● Task statement: Look through the material and copy each line holding "British".

● Task material:
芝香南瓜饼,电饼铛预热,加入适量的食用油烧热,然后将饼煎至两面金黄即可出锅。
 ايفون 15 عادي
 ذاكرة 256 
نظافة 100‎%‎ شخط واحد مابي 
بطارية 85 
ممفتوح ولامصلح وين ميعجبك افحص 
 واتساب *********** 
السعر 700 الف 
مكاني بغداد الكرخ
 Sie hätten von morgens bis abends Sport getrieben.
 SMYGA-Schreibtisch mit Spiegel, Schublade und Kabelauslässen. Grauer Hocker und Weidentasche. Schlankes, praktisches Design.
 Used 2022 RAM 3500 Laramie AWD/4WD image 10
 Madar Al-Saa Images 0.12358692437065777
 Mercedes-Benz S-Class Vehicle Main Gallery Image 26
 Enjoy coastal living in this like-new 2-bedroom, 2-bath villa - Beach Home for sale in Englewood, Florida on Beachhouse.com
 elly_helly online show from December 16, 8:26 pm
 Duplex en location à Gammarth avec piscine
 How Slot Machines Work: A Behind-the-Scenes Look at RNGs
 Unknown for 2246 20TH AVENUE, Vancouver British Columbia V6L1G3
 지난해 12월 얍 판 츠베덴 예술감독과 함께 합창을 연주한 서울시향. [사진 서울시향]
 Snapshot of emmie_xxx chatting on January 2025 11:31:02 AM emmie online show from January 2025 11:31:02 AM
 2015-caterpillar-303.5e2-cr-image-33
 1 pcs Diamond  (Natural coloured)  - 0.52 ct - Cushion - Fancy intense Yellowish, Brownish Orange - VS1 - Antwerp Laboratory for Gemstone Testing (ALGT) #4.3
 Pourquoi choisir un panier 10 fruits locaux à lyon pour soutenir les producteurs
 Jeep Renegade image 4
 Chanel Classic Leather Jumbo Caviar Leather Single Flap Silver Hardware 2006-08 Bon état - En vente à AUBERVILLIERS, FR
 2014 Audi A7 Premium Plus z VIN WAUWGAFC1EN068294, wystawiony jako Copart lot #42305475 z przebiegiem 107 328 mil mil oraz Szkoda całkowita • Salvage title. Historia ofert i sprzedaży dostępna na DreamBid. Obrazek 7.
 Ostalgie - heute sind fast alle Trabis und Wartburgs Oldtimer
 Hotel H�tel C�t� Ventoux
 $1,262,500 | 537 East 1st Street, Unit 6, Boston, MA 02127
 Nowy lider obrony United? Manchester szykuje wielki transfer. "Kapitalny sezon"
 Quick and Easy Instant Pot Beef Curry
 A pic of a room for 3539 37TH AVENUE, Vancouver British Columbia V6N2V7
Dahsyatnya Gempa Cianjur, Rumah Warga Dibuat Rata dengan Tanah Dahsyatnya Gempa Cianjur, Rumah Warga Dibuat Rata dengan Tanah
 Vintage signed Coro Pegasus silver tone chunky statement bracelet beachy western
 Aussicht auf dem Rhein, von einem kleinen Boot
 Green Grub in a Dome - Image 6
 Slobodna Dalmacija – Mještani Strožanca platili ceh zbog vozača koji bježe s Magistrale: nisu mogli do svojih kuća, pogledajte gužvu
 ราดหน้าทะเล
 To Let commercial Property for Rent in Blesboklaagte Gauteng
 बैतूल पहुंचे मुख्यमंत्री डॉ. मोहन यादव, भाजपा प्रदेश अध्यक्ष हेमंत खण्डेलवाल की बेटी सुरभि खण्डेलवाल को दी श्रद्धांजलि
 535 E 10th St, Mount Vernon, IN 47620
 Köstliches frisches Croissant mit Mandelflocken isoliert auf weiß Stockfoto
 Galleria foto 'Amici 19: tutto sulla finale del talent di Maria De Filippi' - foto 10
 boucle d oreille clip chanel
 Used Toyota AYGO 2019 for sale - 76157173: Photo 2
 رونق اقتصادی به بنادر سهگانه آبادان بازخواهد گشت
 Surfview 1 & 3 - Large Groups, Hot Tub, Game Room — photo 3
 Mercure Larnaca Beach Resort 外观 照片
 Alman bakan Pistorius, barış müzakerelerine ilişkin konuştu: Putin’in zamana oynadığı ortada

● Result of the exercise:
 Unknown for 2246 20TH AVENUE, Vancouver British Columbia V6L1G3
 A pic of a room for 3539 37TH AVENUE, Vancouver British Columbia V6N2V7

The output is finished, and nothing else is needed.